The U.S. Army Corps of Engineers, and its Engineer Research and Development Center’s (ERDC) Aquatic Plant Control Research Program, will lead a demonstration project to determine the effectiveness of herbicides registered for aquatic use by the U.S. Environmental Protection Agency to safely reduce and control the spread of the CT River hydrilla. The project will investigate hydrilla’s growth patterns, water exchange dynamics in the CT River, and evaluate herbicide efficacy in laboratory conditions in 2023 to guide operational scale field demonstrations of herbicide efficacy in 2024.
How will hydrilla be treated?
The U.S. Army Corps of Engineers will be developing site-specific treatment plans for aquatic herbicides use in the CT River in the summer of 2024. There are several safe, well understood, and effective herbicides that are being considered for use. Selected herbicides will be added to the website once they have been chosen.

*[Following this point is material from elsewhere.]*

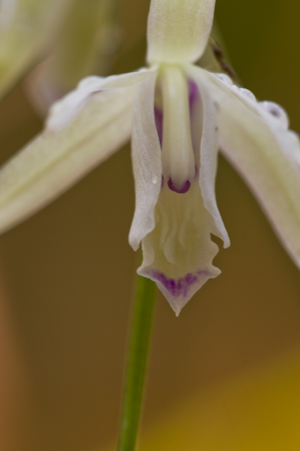 Basiphyllaea corallicola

Post application monitoring surveys will be conducted in fall 2024 to assess the condition of the hydrilla as well as non-target impacts.
Will the hydrilla treatment impact recreation and fishing in the Connecticut River?

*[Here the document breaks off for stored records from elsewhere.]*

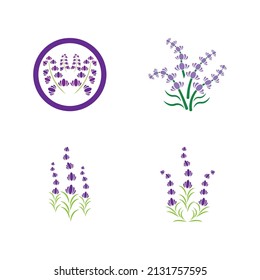 Fresh Lavender flower logo vector flat design
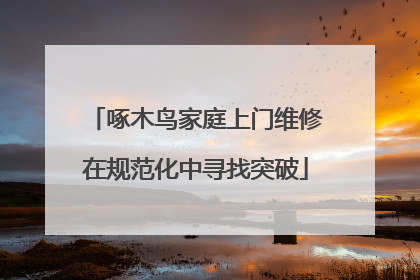 啄木鸟家庭上门维修在规范化中寻找突破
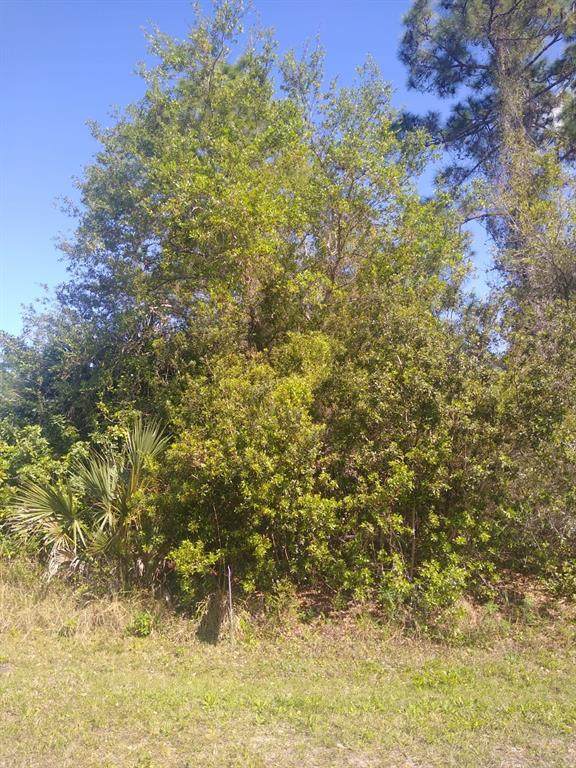 306 Mcdill Drive - Photo 1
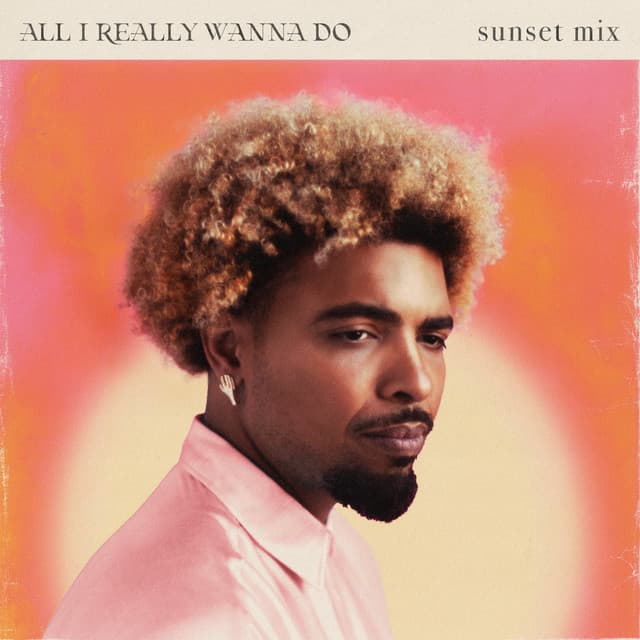 All I Really Wanna Do (Sunset Mix) cover art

The hydrilla treatment should have minimal-to-no impact to recreation in the CT River. Other than a few morning hours when contractors are on-site carrying out the treatment, where some restricted public access may be needed, no long-term closures or restricted access is currently anticipated with this work.

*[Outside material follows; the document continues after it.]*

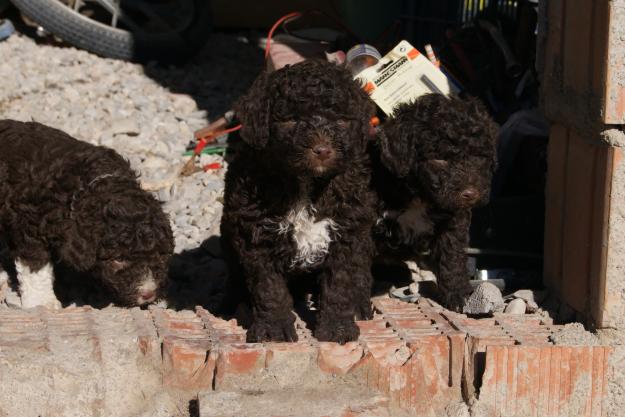 preciosa camada de perro de agua español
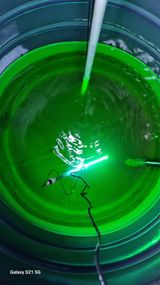 팜모닝 기타작물·영농일지 게시글 이미지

The exact locations of where the hydrilla treatment would occur has not been selected yet, but the eight sites being considered are Keeney Cove, Mattabesset River, Portland Boat Works, Dart Island State Park, Chapman Pond, Chester Boat Basin, Selden Cove, and Deep River.
Regarding fishing, the treatment is expected to have minimal to no effects on fishing or to fishing access. Coves are popular fishing spots and the coves where work may take place will still be available for fishing outside of the morning hours when contractors are on site carrying out treatment.